**The data**
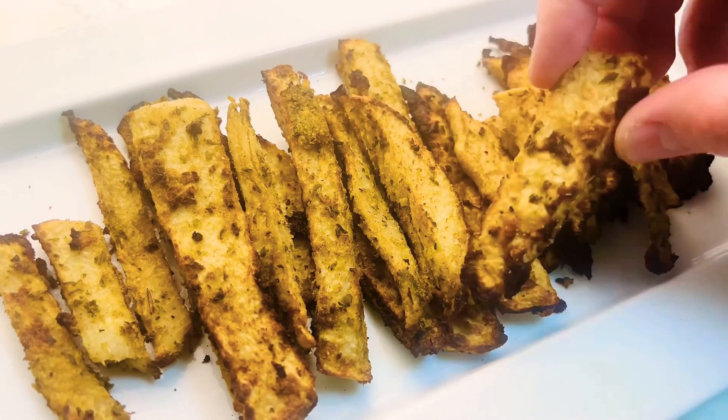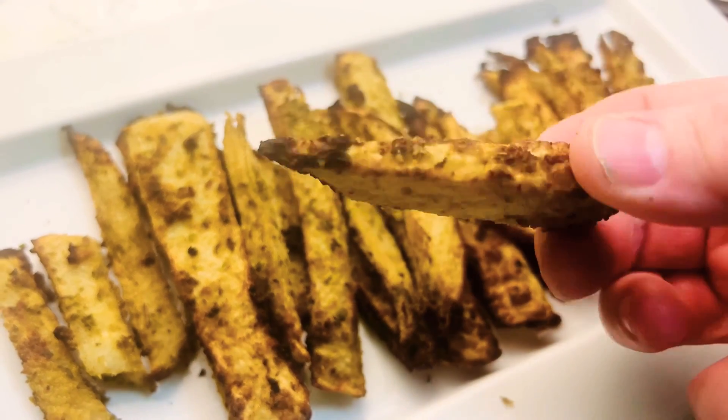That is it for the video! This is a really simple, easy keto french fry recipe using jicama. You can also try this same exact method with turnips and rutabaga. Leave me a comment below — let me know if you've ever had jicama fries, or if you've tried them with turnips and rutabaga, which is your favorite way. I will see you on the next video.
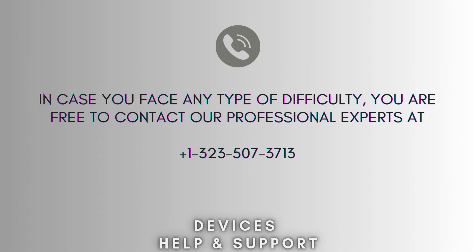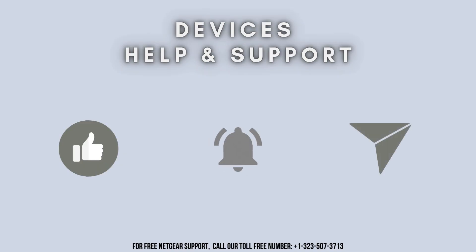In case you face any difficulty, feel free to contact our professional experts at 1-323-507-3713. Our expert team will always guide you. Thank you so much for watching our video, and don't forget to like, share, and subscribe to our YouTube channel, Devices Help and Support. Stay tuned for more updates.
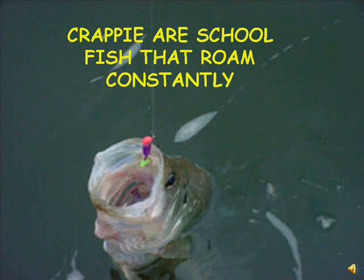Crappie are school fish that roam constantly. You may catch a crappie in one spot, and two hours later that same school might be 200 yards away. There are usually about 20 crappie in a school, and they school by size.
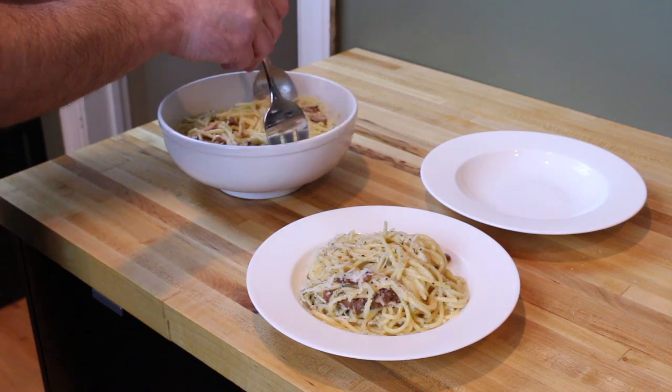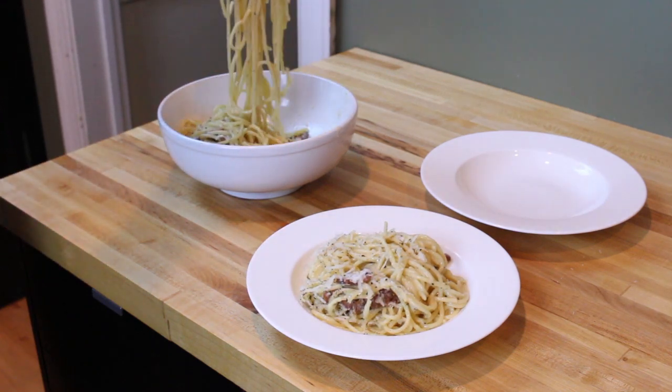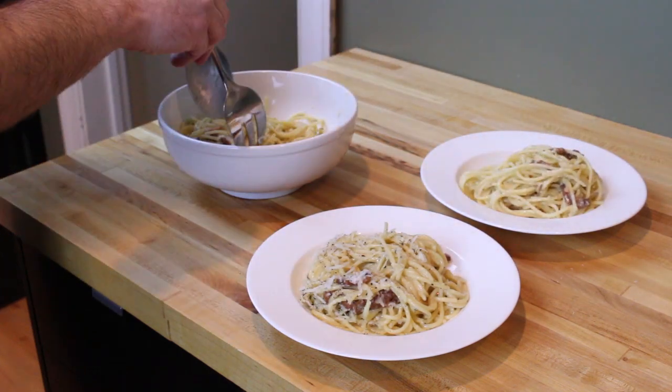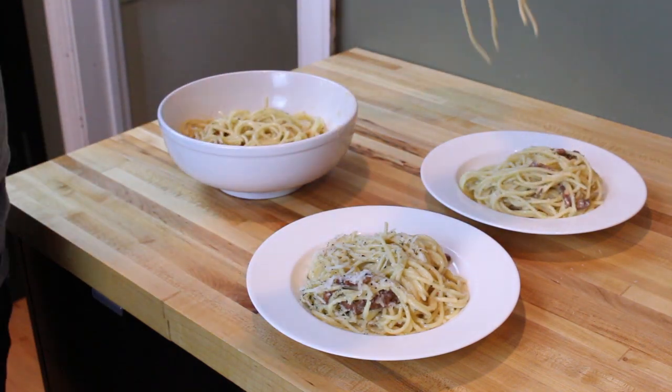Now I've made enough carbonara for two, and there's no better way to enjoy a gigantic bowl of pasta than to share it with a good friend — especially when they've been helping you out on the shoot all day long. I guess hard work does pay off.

**Directions**
Everything between and including the line above containing "In case you" and the line containing "Crappie are school" should be reproduced exactly, with pictures excluded.

**The completed task**
In case you face any difficulty, feel free to contact our professional experts at 1-323-507-3713. Our expert team will always guide you. Thank you so much for watching our video, and don't forget to like, share, and subscribe to our YouTube channel, Devices Help and Support. Stay tuned for more updates.
Crappie are school fish that roam constantly. You may catch a crappie in one spot, and two hours later that same school might be 200 yards away. There are usually about 20 crappie in a school, and they school by size.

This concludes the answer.